This second outing by John Ellis & Double Wide, the versatile saxophonist/bass clarinetist’s extraordinary New Orleans-based band, one ups the “serious fun” mentality by inviting a pair of guests—harmonica master Gregoire Maret and multifaceted trombonist Alan Ferber—to augment the unusual quartet of sousaphonist Matt Perrine, drummer Jason Marsalis and newcomer Brian Coogan (replacing Gary Versace) on organ. The result is an even more flavorful gumbo that spices up the homegrown roots of the Crescent City with the savory sounds of the New York City jazz scene. Beginning with the brassy NOLA homage “Okra & Tomatoes” and concluding with funereal “This Too Shall Pass,” the date serves up a mixed menu of Americana that could have only been concocted in the country’s original melting pot.
Ellis is a selfless front man, spotlighting the substantial skills of his sidemen and guests as soloists, almost to the point of subjugating his own instrumental voice to a secondary role—a tactic that makes the gutsy sound of his horn that much more compelling when it does come to the fore.

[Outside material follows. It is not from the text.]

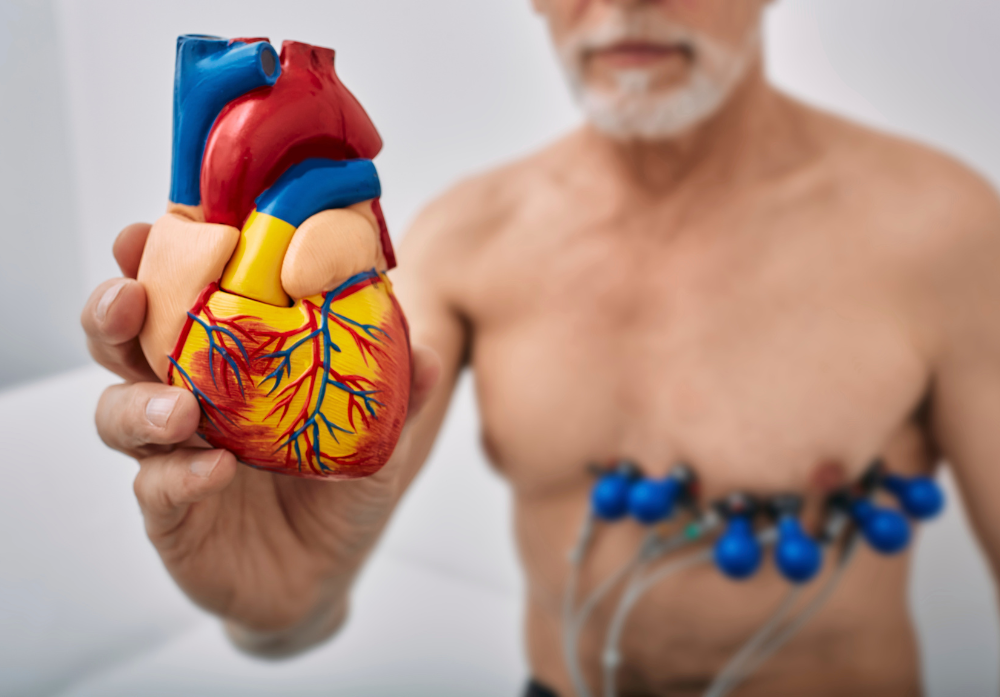Isdoso fazendo exame ECG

Yet it is the reedman’s considerable capabilities as a composer (at times recalling the work of Carla Bley and Henry Threadgill, as well as Kurt Weill and Charles Ives) that are most impressive. His ability to paint vibrant musical pictures with the seemingly limited tonal palette of the band’s odd instrumentation is simply astonishing.

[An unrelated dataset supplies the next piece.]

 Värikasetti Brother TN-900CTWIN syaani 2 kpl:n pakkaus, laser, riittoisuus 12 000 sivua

Perrine is tireless in providing the pulsating foundation at the heart of the music and Marsalis is at his rhythmical best, playing with a freewheeling confidence that contributes greatly to the exuberance of pieces like the second-lining “Fauxfessor” and Spanish-tinged “Héroes de Acción.” Maret is nothing short of remarkable in the emotional breadth he elicits from his diminutive instrument, brooding deeply on “Carousel” and “Chorale” and swinging bluesy (as do Coogan and Ferber) on the title track and elsewhere. In the spirit of New Orleans, this album is a truly cooperative endeavor, one that effectively comes to life due to the genius of puppet master Ellis.